Nadie predijo internet.
De cápsulas para viajar en el tiempo, nada de nada. De robots
antropomorfos que se encarguen de las tareas gratas o ingratas, menos. Al
parecer, todavía son incapaces de lavar un vaso sin que se haga añicos o de
subir y bajar escalones sin partirse la cibercrisma. Y eso que estamos en el
siglo XXI, un tiempo que ya debiera ser el del teletransporte y las colonias en
Marte.
Por lo tanto, cuando se escribe sobre el
porvenir tecnológico se corre el riesgo de caer al poco en la obsolescencia,
programada o no. Por eso resulta absurdo el término "nuevas
tecnologías", puesto que nos movemos en el terreno de la inmediatez, de lo
efímero. Todos los días me obligan a actualizar mi dispositivo móvil. Cada mes,
a cambiarlo por otro más pequeño, más grande, más flexible y siempre más caro.
Hoy en día,
los autores más prudentes han caído en la cuenta y nos arrastran a
paisajes postapocalípticos, donde ya no tiene cabida la tecnología y el ser
humano ha de reaprender cómo se defendía sin ella. De este modo, evitan meter
la pata.
Es cierto, los humanos no han hoyado la
superficie marciana, por suerte para ese planeta. Ningún robot de apariencia
humana nos hace la compra. Pero contamos con una tecnología que no hubiéramos
imaginado hace pocos años. No se entienden nuestras vidas sin la tecnología.

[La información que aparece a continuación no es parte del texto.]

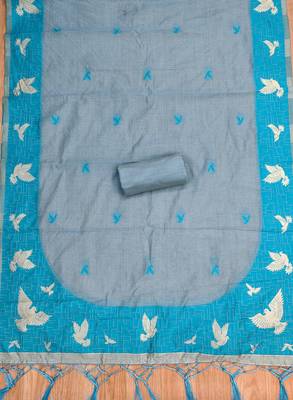 Grey jamdani silk blend dress material 4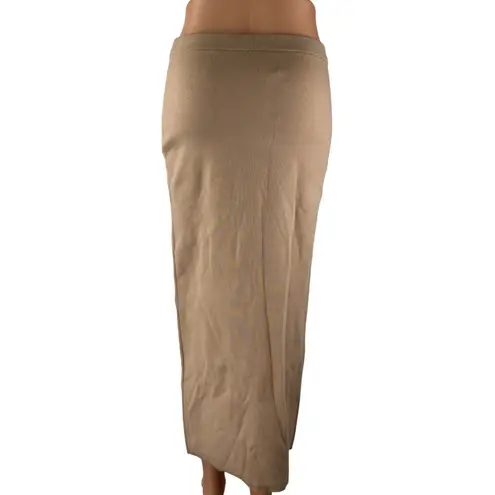 Open Edit NEW Luxe Sculpt Women's Beige Tan Stretch Midi Maxi Pencil Skirt Sz S
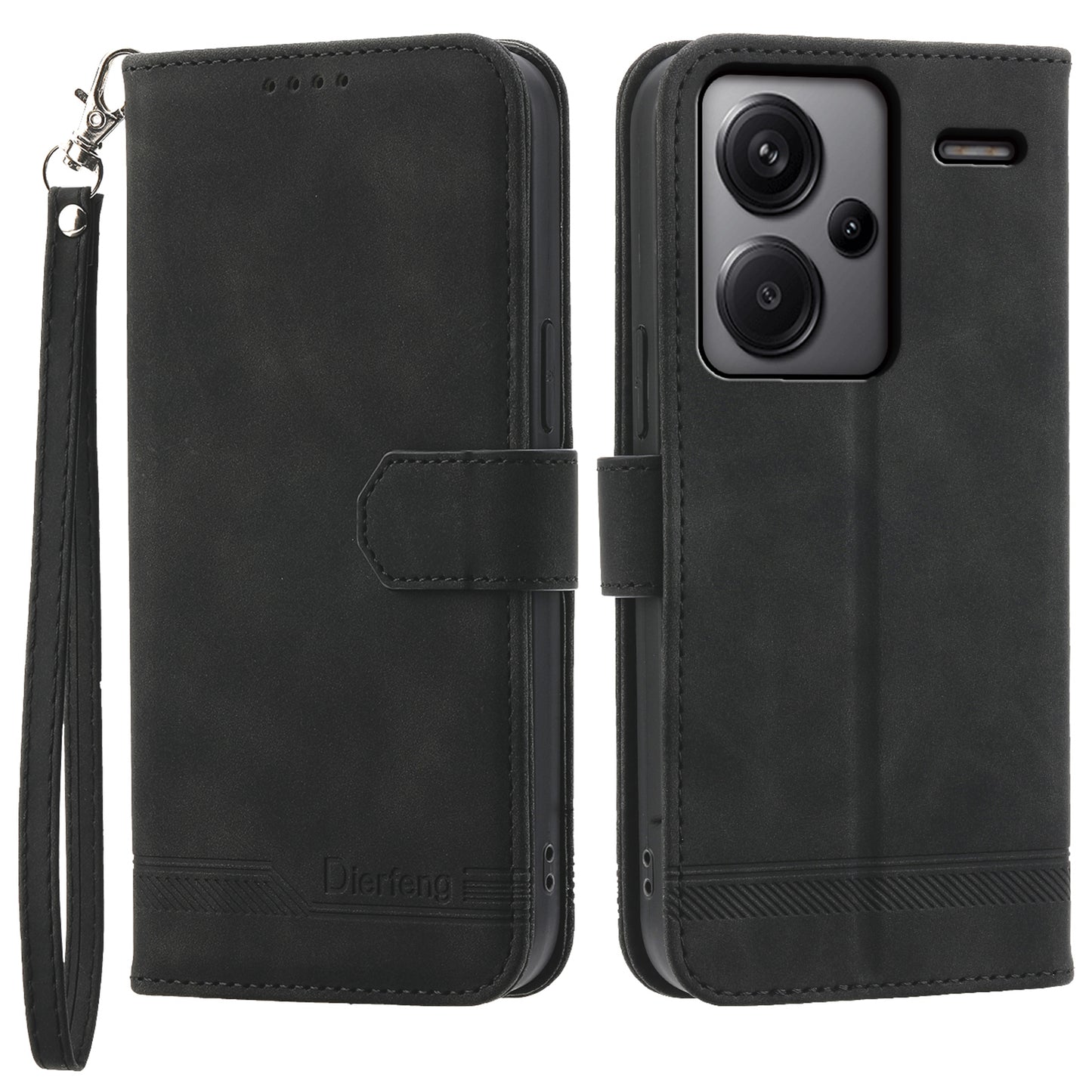 DIERFENG DF-03 for Xiaomi Redmi Note 13 Pro+ 5G Leather Case Phone Wallet Stand - Black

Incluso las de aquellos a quienes no ha llegado.
Tecleo sobre la pantalla retroiluminada de
mi tableta y pienso que no caben en pocas líneas todas las actividades que
requieren, en mayor o menor medida, de la tecnología. Educación, salud,
economía... El arte (sea lo que sea tal cosa). ¿El amor? Y, por supuesto, los
videojuegos, que no existen sin ella. Nos entretenemos en el baño o en el metro
arrastrando un dedito sobre la pantalla. Ya no necesitamos de cables para
interactuar con nuestros televisores. Nos movemos con naturalidad en espacios
virtuales, aunque para ello tengamos que recurrir todavía a chismillos ópticos.
Ya no somos meros espectadores emocionales de lo que se nos cuenta, puesto que
somos coautores de las historias. Nunca tanto como ahora sentimos ser el
personaje que nos representa.
No poseo una cápsula del tiempo por falta de
tiempo para construirla, pero parece que en un futuro no muy lejano
controlaremos telepáticamente dispositivos que recrearán fielmente nuestro
entorno o paisajes imaginarios. Pasearemos por ellos como si fueran reales.
Así, disfrutaremos de las selvas y mares que ya no estarán.